Augustine wrote the City of God while the Roman Empire was falling into ruin under the barbarian invasions and the Church was rising from the imperial ashes.
There was need of justifying these two events, which disturbed not only those who did not believe in Christ but also those who did believe in him.
With this purpose in mind, Augustine undertook this major work over a period of thirty years.
The City of God can be considered the first in the philosophy of history.
Until the late Middle Ages a thousand years later, the City of God influenced the politics and government of Christian nations, and in the relations between the Church and the civil government.
It was an influence in the creation of the Holy Roman Empire, and had little in the way of rival theories until Nicola Machiavelli in the year 1513 wrote a very secular work, The Prince, that appealed to the more base desires of power and cunning.

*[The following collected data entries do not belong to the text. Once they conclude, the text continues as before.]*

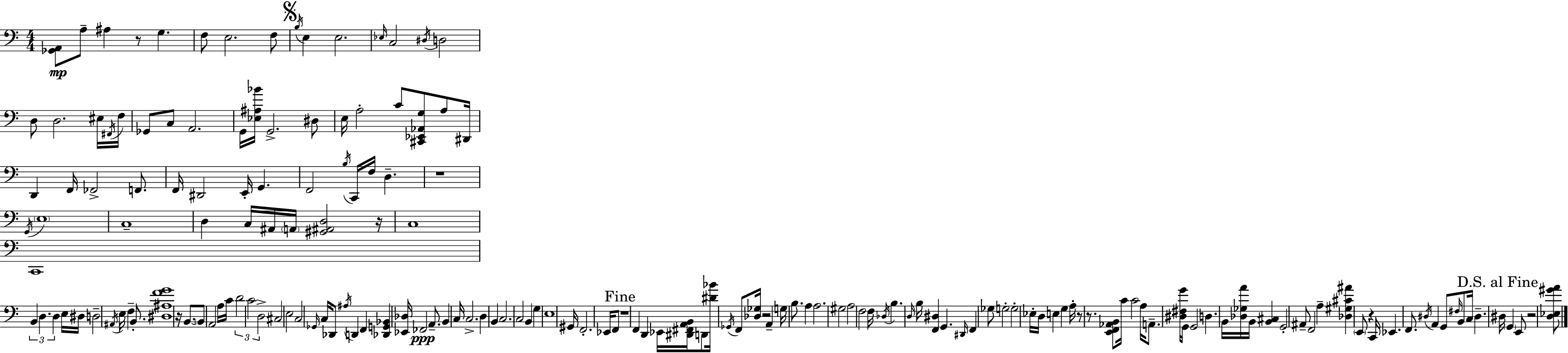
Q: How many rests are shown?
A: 10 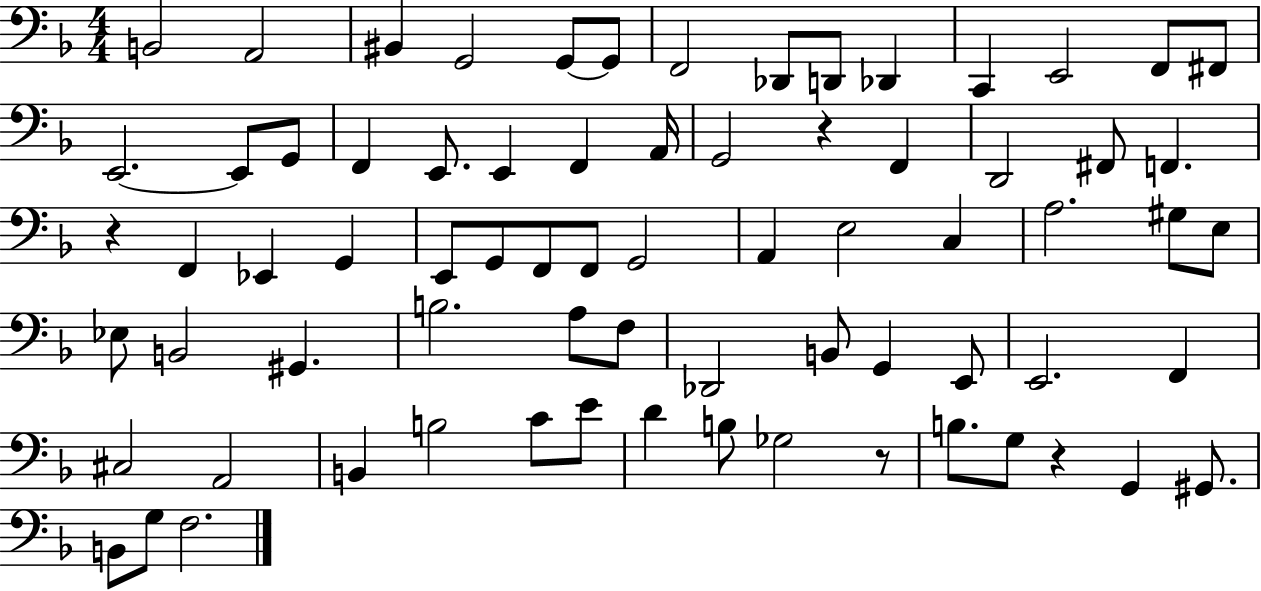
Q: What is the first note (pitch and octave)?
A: B2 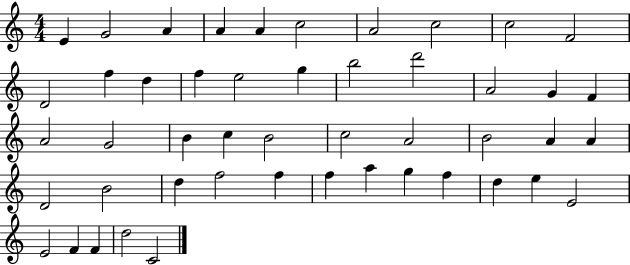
{
  \clef treble
  \numericTimeSignature
  \time 4/4
  \key c \major
  e'4 g'2 a'4 | a'4 a'4 c''2 | a'2 c''2 | c''2 f'2 | \break d'2 f''4 d''4 | f''4 e''2 g''4 | b''2 d'''2 | a'2 g'4 f'4 | \break a'2 g'2 | b'4 c''4 b'2 | c''2 a'2 | b'2 a'4 a'4 | \break d'2 b'2 | d''4 f''2 f''4 | f''4 a''4 g''4 f''4 | d''4 e''4 e'2 | \break e'2 f'4 f'4 | d''2 c'2 | \bar "|."
}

The world view of Augustine and his history of humanity is organic and unified, but it is also ascetic and Christian.
Christ is the very soul of history. The coming of Christ presupposes another truth of the Christian faith, original sin.

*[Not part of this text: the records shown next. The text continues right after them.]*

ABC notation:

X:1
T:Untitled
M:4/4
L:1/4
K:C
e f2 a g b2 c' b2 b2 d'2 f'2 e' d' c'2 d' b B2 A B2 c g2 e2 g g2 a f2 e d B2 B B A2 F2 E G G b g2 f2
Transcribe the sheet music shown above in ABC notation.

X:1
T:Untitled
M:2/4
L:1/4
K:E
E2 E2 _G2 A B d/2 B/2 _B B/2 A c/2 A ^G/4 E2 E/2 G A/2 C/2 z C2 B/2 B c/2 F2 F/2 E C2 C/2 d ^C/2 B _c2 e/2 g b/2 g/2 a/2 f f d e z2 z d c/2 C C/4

In consequence of original sin, people are divided into two distinct cities: one of God, the other of the earth. Both, however, are at the service of Christ.
The city of God, prior to the coming of Christ, was represented by the people of Israel; the city of this earth was represented by the Roman Empire.
The two cities had a different purpose, the one religious and the other political.
The first had the task of preparing for the coming of Christ through the prophetic men in the Bible; the second was to prepare for his coming politically.